In terms of performance, Yahoo! Inc reported earnings per share of $0.70 for the quarter ended March 31, meeting Wall Street analysts’ estimates. Looking ahead, 27 analysts have given the stock a “Buy” recommendation, although the stock’s expected earnings per share is only $0.50 for the current quarter. A total of 104 hedge funds out of the more than 700 we track had stakes in the stock at the end of the first quarter. The hedge funds had aggregate holdings of $6.48 billion. Some of these shareholders were billionaire Daniel S. Och‘s OZ Management, D. E. Shaw, founded by billionaire billionaire D. E. Shaw, and Jeffrey Altman‘s Owl Creek Asset Management.
The first quarter of 2015 saw Luxor Capital Group reduce its stake in IAC/InterActiveCorp (NASDAQ:IACI) to 2.69 million shares valued at $181.18 million from 3.53 million shares it held at the end of the fourth quarter of 2014. The media and internet company is known to own over 150 brands and products, including media, search and applications, e-commerce, and more. It is the owner of the famous About.com, Ask.com, and Dictionary.com websites, as well as the match.com online dating service, the largest in the world. The stock’s performance for the first quarter of 2015 beat analysts’ consensus estimate, posting $0.43 in earnings per share compared to the $0.35 expected by analysts. Its revenue for the period was $772.50 million also slightly beating analysts’ forecast of $772.25 million. IAC/InterActiveCorp (NASDAQ:IACI) posted $0.59 in earnings per share for the same quarter last year. 18 brokerages have given it a “Hold” recommendation. At the end of the quarter ending March 31, a total of 55 hedge funds in our database had stakes in the stock, with their holdings amounting to an aggregate value of $1.66 billion. Some of these funds are David Einhorn‘s Greenlight Capital, Dan Loeb’s Third Point, and Eric Bannasch’s Cadian Capital.

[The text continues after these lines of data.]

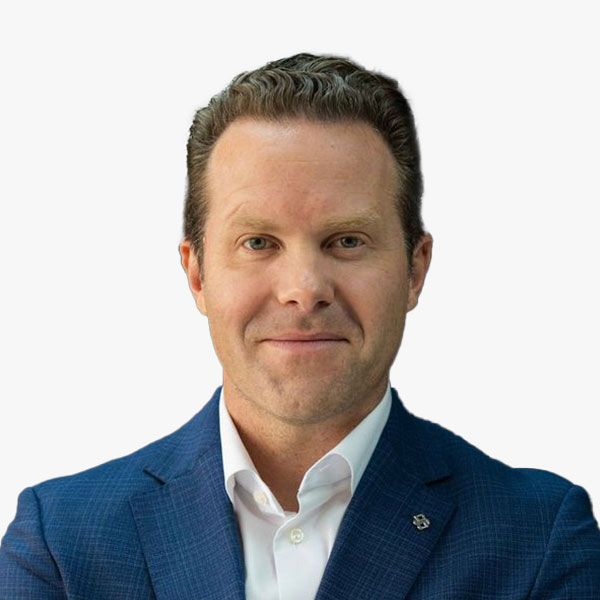 Mat Sorensen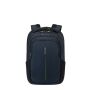 Samsonite  GuardIT 3.0 Laptop Backpack M 15.6"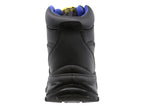 Botas Triples 505 Para Hombre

Another of Luxor Capital Group’s top tech picks is in Chinese internet company, Baidu Inc (ADR) (NASDAQ:BIDU), in which the fund held 355,470 shares with a market value of $74.08 million at the end of the first quarter, having upped its stake by 248% over the period. Baidu Inc (ADR) (NASDAQ:BIDU) has established itself in China as a top search engine, and the company’s results for the quarter ended March 31 show that its mobile segment registered great improvement, contributing up to 50% of its total revenue, up from 42% in the fourth quarter of 2014. The growth in mobile phone subscriptions in China is a good opportunity for the company to expand its mobile segment. Currently, Baidu Inc is in a partnership with BMW to produce a self-driving car, which is expected to be launched before the end of the year. The stock has been given an “Overweight” rating by researchers at KeyBanc and a price target of $255.00, meaning an expected upside of 21%. Analysts expect the stock to post earnings per share of $42.91 for the current fiscal year. A total of 75 investors that we tracked during the first quarter held positions in the stock, with 17 of them being billionaires, making it one of the most popular among that wealthy group of investors. Some of these hedge funds are billionaire Stephen Mandel‘s Lone Pine Capital, Philippe Laffont’s Coatue Management, and billionaire Andreas Halvorsen’s Viking Global.